The Knesset gave its initial approval Monday night to a bill limiting prime ministers to a maximum of eight years in office.
The coalition passed the first reading of the legislation by 66 to 49 votes in the 120-seat parliament, with the opposition’s Joint List party joining its ranks to support the bill.
The legislation must clear two more Knesset plenum readings before becoming law. It will now be dealt with by the Knesset Constitution and Law Committee, before being returned for its second and third readings.
The bill, being an amendment to Israel’s semi-constitutional Basic Laws, requires the support of a minimum of 61 Knesset members for each vote.
With one coalition MK skipping the vote Monday — Yamina’s Yomtov Halfon — the six Joint List votes in favor secured its passage.
After a ministerial committee greenlit the legislation last week, ministers voted in favor of advancing the bill on Sunday.
The proposed amendment would force a prime minister to step down after eight consecutive years in power, requiring the formation of a new government, though not necessarily new elections.
The bill also bars a person from being premier even if one has served two non-consecutive terms as prime minister, if no more than three years separate the tenures.
If the gap between the tenures is more than three years, the eight-year counter is reset, according to the bill.
Presenting the law to the plenum, Justice Minister Gideon Sa’ar said that,
“Prolonged rule of one person is a harmful thing.
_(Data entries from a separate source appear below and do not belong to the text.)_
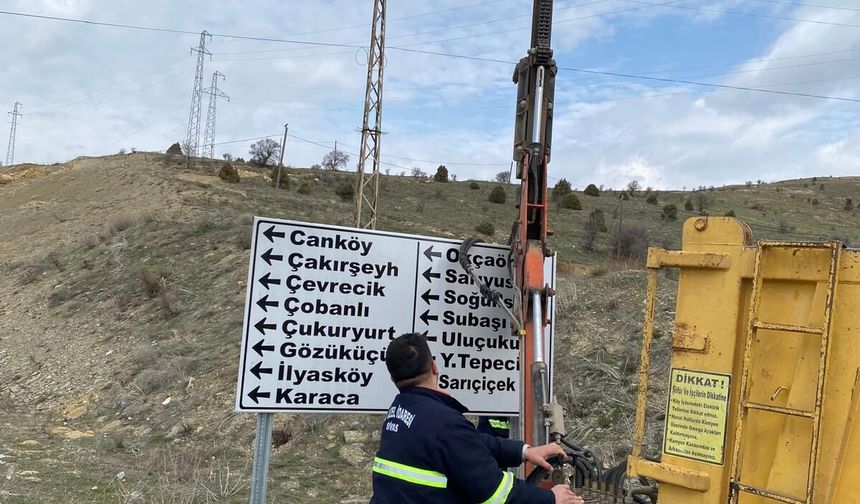 Sivas İl Özel İdaresi Gölova için kolları sıvadı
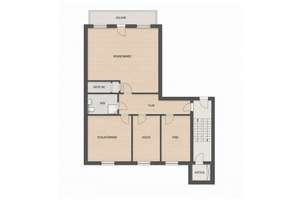Moderne 3-Zimmer-Wohnung im Hirschpfad – Balkon, Aufzug & Blick ins Grüne – Die vollständige Adresse der Immobilie erhältst du vom Anbieter., 71735 Eberdingen – Vorschaubild 10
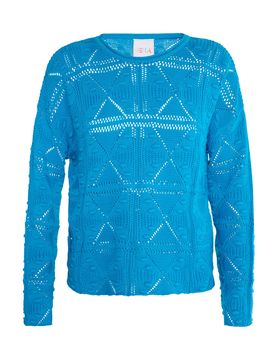 IZIA Jersey 'Eyota' azul cielo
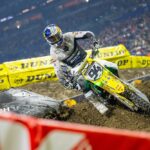 Roczen on Crash with Plessinger: “You definitely see everything kind of flushing down the drain” 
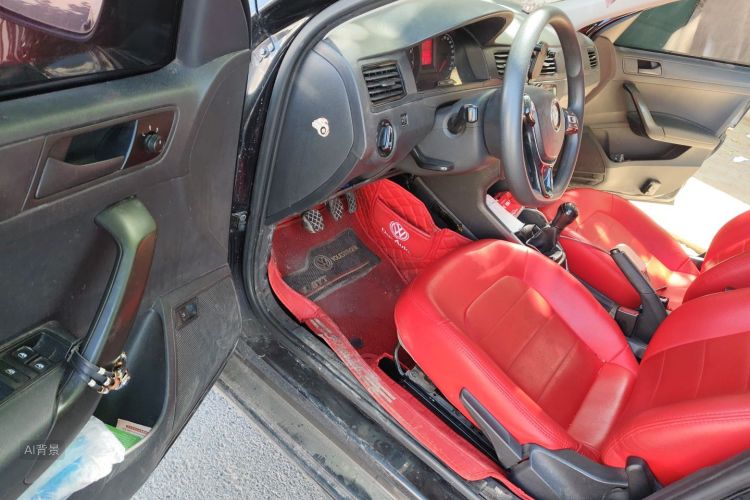 Volkswagen Santana 2017 #18 Volkswagen Santana 2017 car image #18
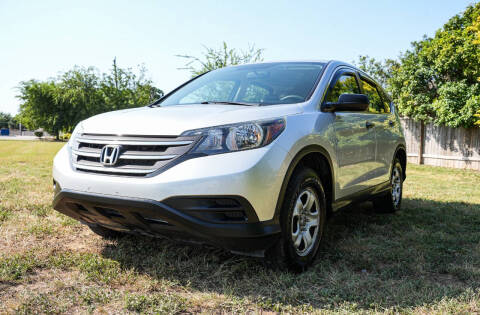 2013 Honda CR-V LX
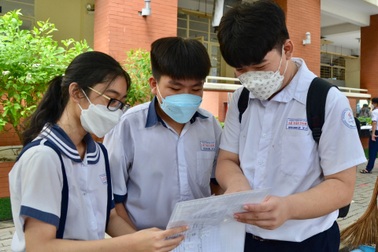 Tỷ lệ chọi "khủng" của kỳ thi tuyển sinh lớp 10 ở Thái Bình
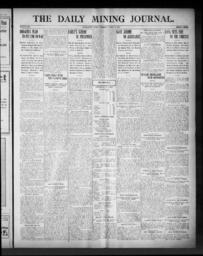 The Daily Mining Journal, 1907-04-18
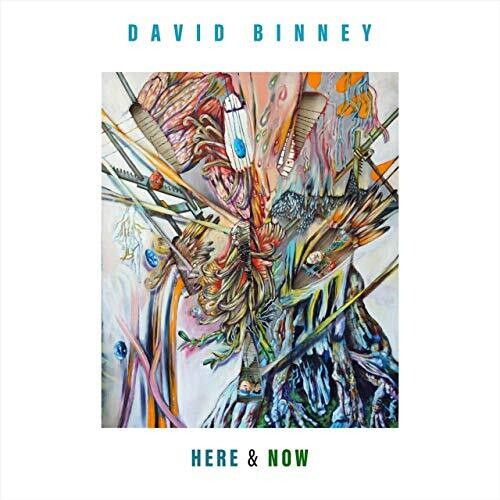 David Binney: Here & Now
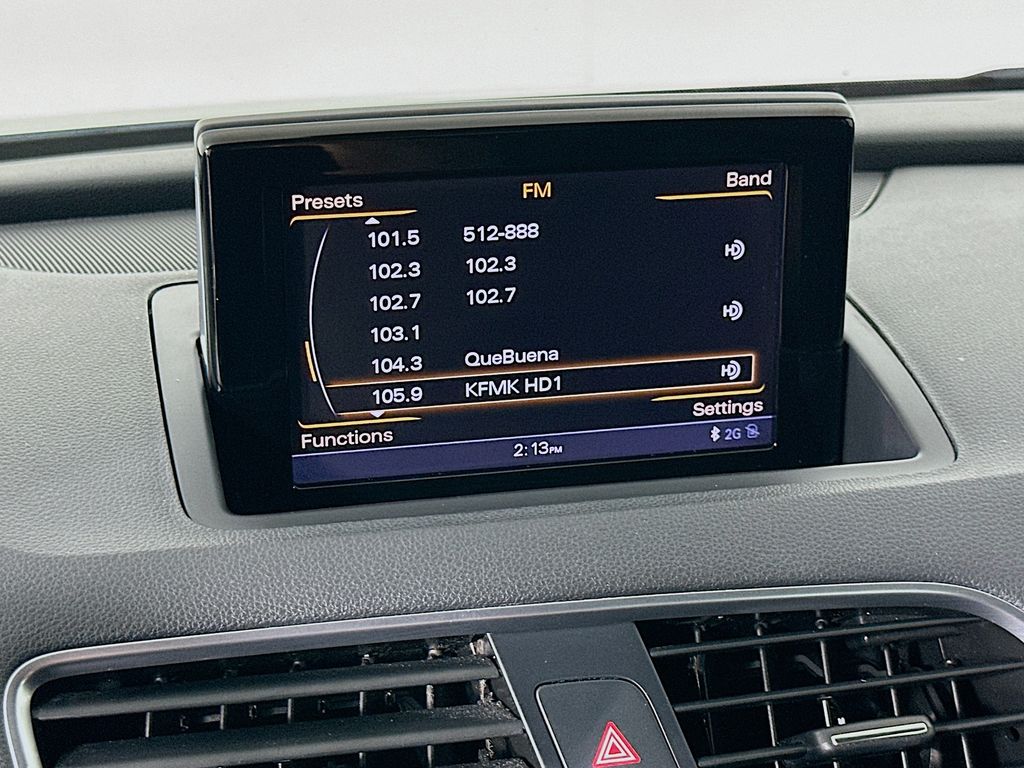 2015 Audi Q3 Prestige 12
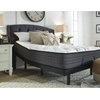 image:imageSignature Design by Ashley Plush 12 Inch Hybrid Mattress with Gel Memory Foam and Edge Support for Cool Sleep and Pressure Relief Twin FiberglassFree Bed In A BoxTwin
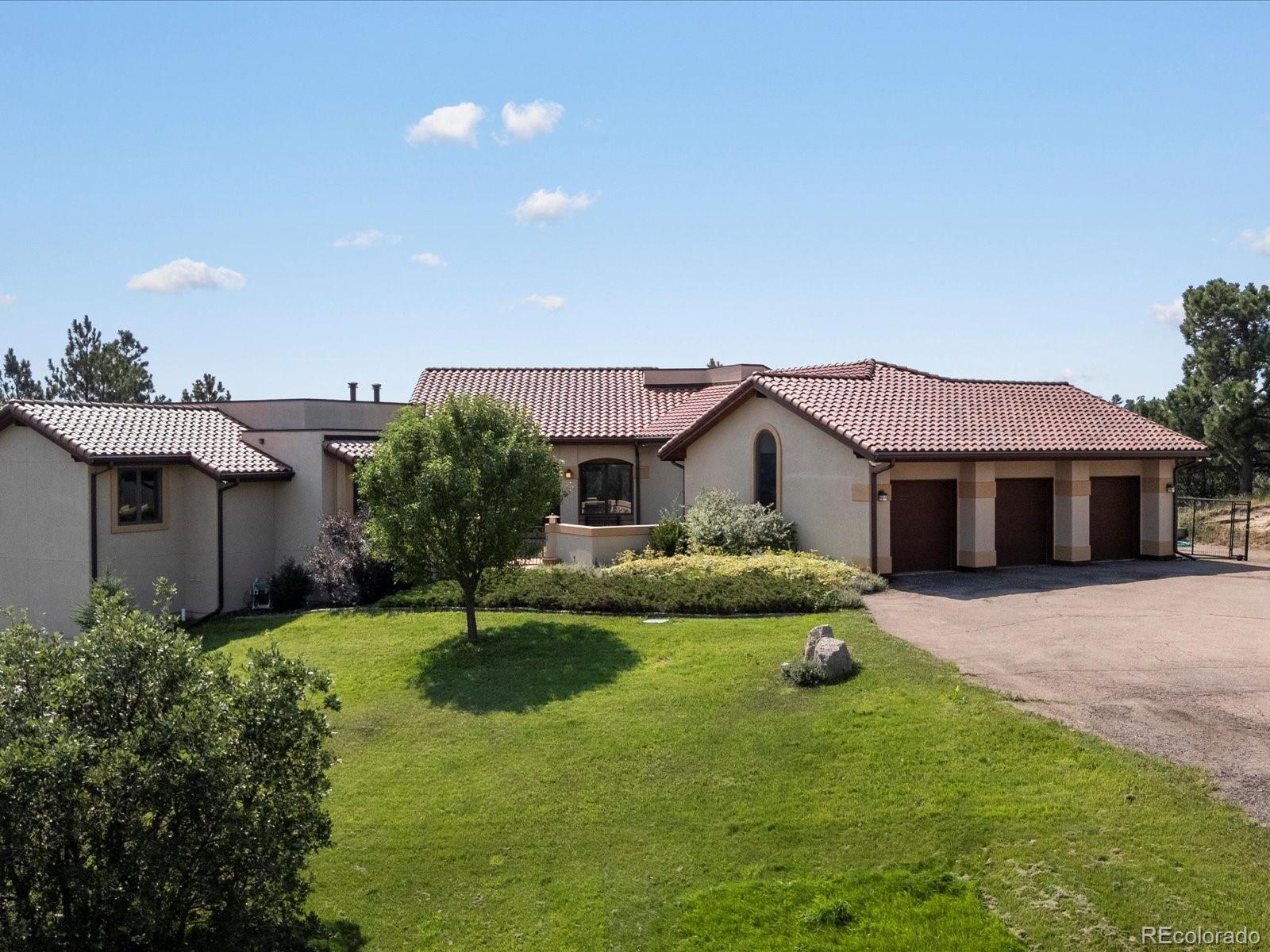 MLS Image #0 for 1611  castle pointe drive,castle rock, Colorado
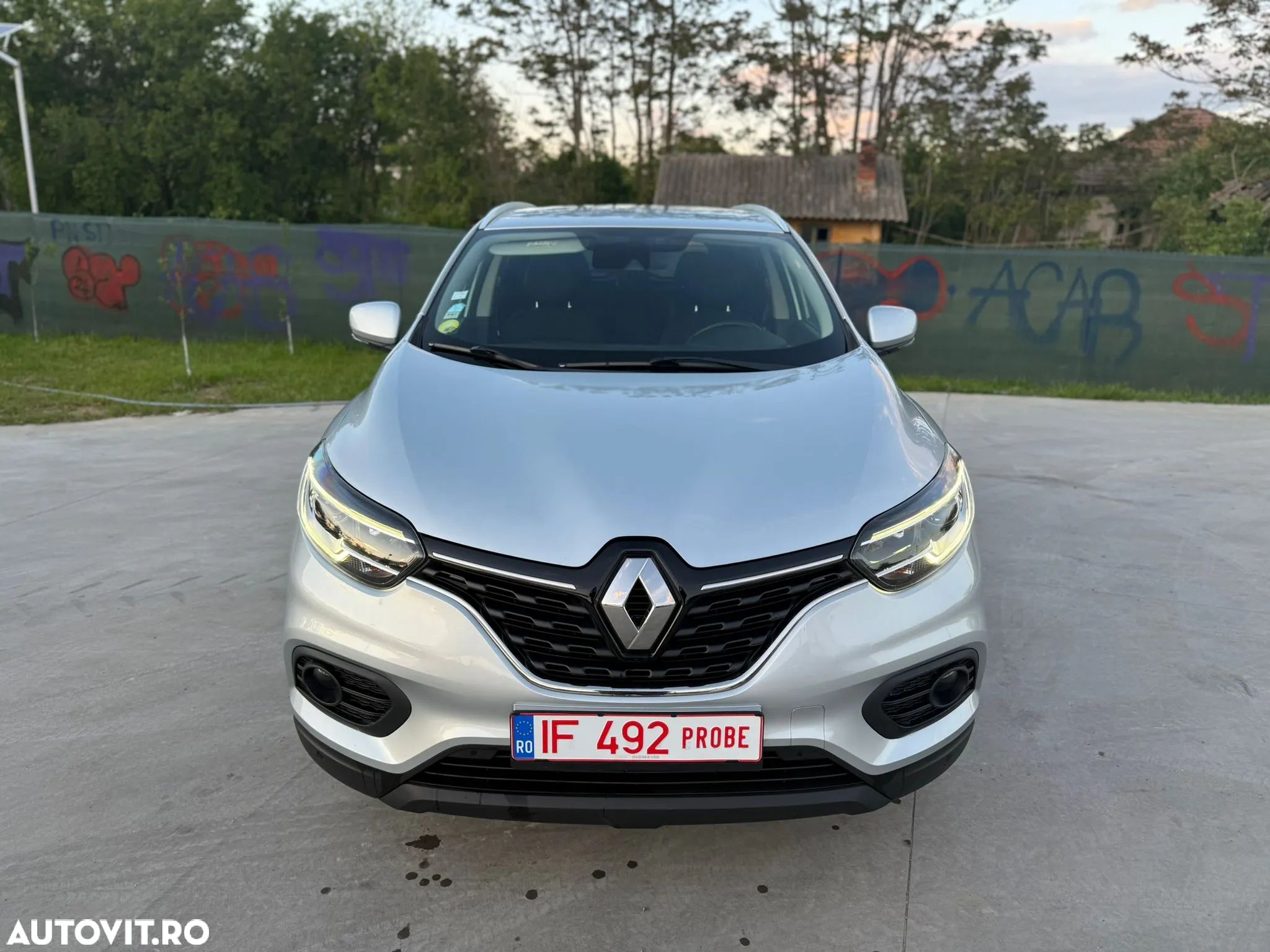 Renault Kadjar BLUE dCi 115 BUSINESS EDITION - 1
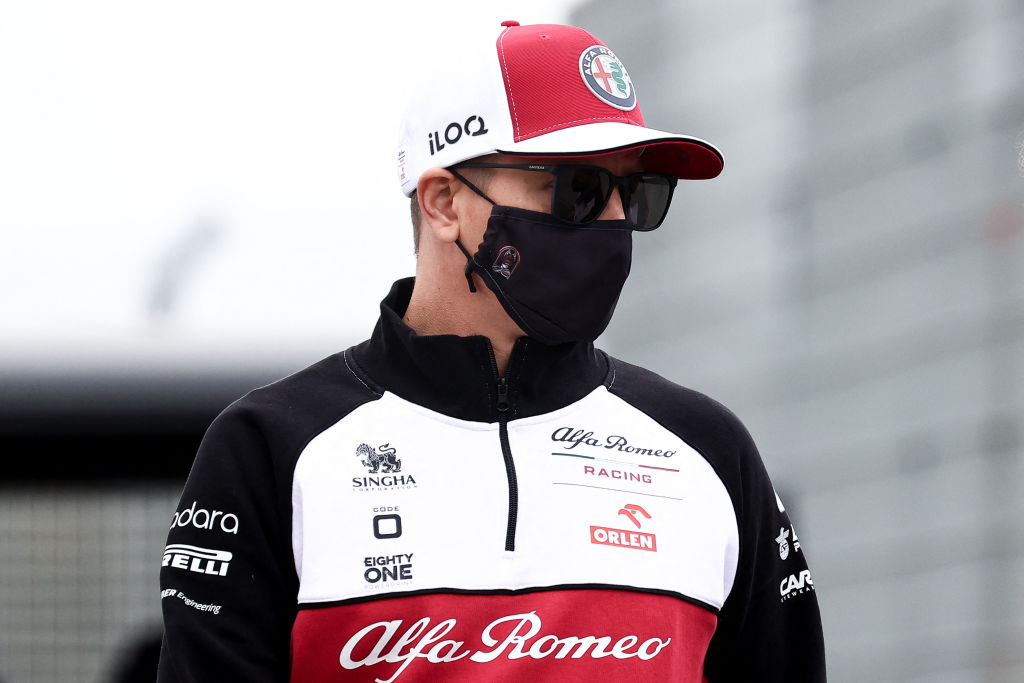 Kimi Raikkonen tests positive for covid-19: How do  substitute F1 drivers fare when called on?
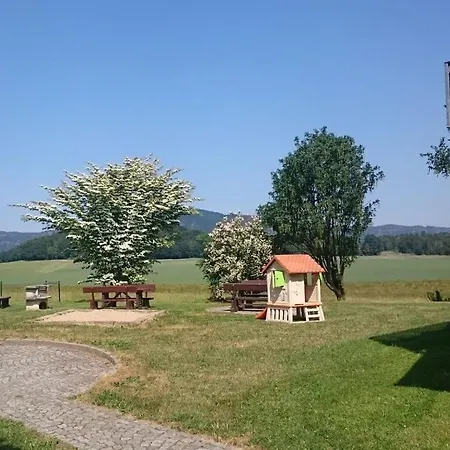 Nyaraló Haentzschelstiege - Haus Kaiserkrone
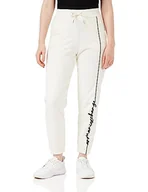 Spodnie damskie - Armani Exchange Damskie spodnie dresowe z logo French Terry, Iso, XL - miniaturka - grafika 1
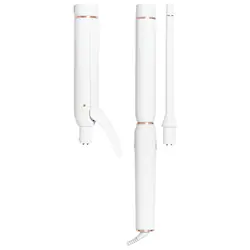 T3 Switch Kit Curl Trio Interchangeable Curling Iron with 3 Barrels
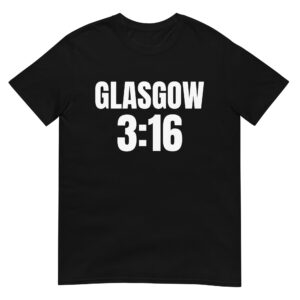 GLASGOW 3:16 T-Shirt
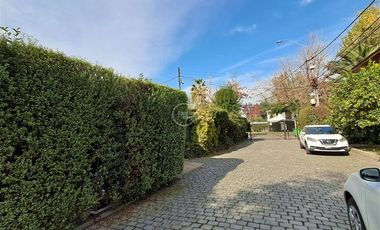 Casa en Arriendo en Nocedal / Monseñor Edwards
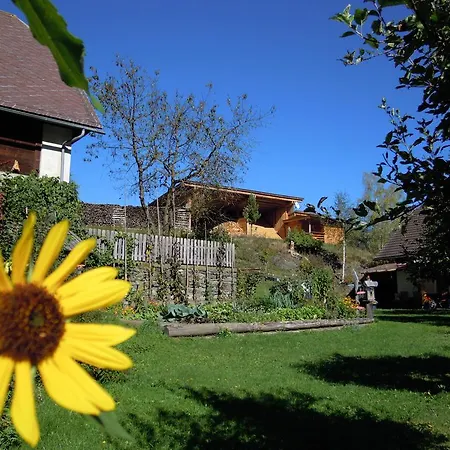 Farm stay Gaestehaus Biobauernhof Mandl Murau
In the face of the dangers of excessive concentration of power, and the resulting corruption, we offer a better and more balanced arrangement that a large majority of Israeli citizens prefer to the threat of unlimited tenure.”
Likud MKs railed against the proposal, saying it was a “personal law” aimed at keeping former prime minister Benjamin Netanyahu from returning to power.
“It is quite clear that this government was formed only to prevent Netanyahu from continuing his leadership, a leadership that is so lacking today in Israeli society and the State of Israel,” MK Miri Regev said in her speech opposing the law from the Knesset podium.
MK Yisrael Katz said the proposed legislation has “no serious content to it, only personal vendetta.”
If passed into law, however, the eight-year term limit would not be applied retroactively, and therefore would not prevent now-opposition leader Netanyahu from again running for office.
Cumulatively, Netanyahu has served as prime minister for 15 years, 12 of them consecutively since 2009. He is currently on trial in three corruption cases, though he denies any wrongdoing.
Setting term limits with the aim of curtailing Netanyahu’s political career was a key element in negotiations to form the current coalition government.
Tweeting after Monday’s vote, Foreign Minister Yair Lapid said that limiting the prime minister’s term was something that his party has been “promoting for many years and now it has finally arrived.”
Sa’ar insists that the bill was not aimed personally at Netanyahu, though he is also working on legislation that would rule out as a potential premier anyone indicted for a crime that comes with a minimum three-year sentence and moral turpitude.
Such a law would apply to Netanyahu and would keep him out of the prime minister’s seat. That proposal was said to be backed by the Yesh Atid and Yisrael Beytenu parties, along with Sa’ar’s New Hope party.
The proposed law, if approved, would take effect after the next elections, when a new Knesset is sworn in.
A separate bill limiting the terms of mayors would also be advanced later, Sa’ar has said. It too would limit them to two terms, but allow a third term if they receive more than 50 percent of the vote.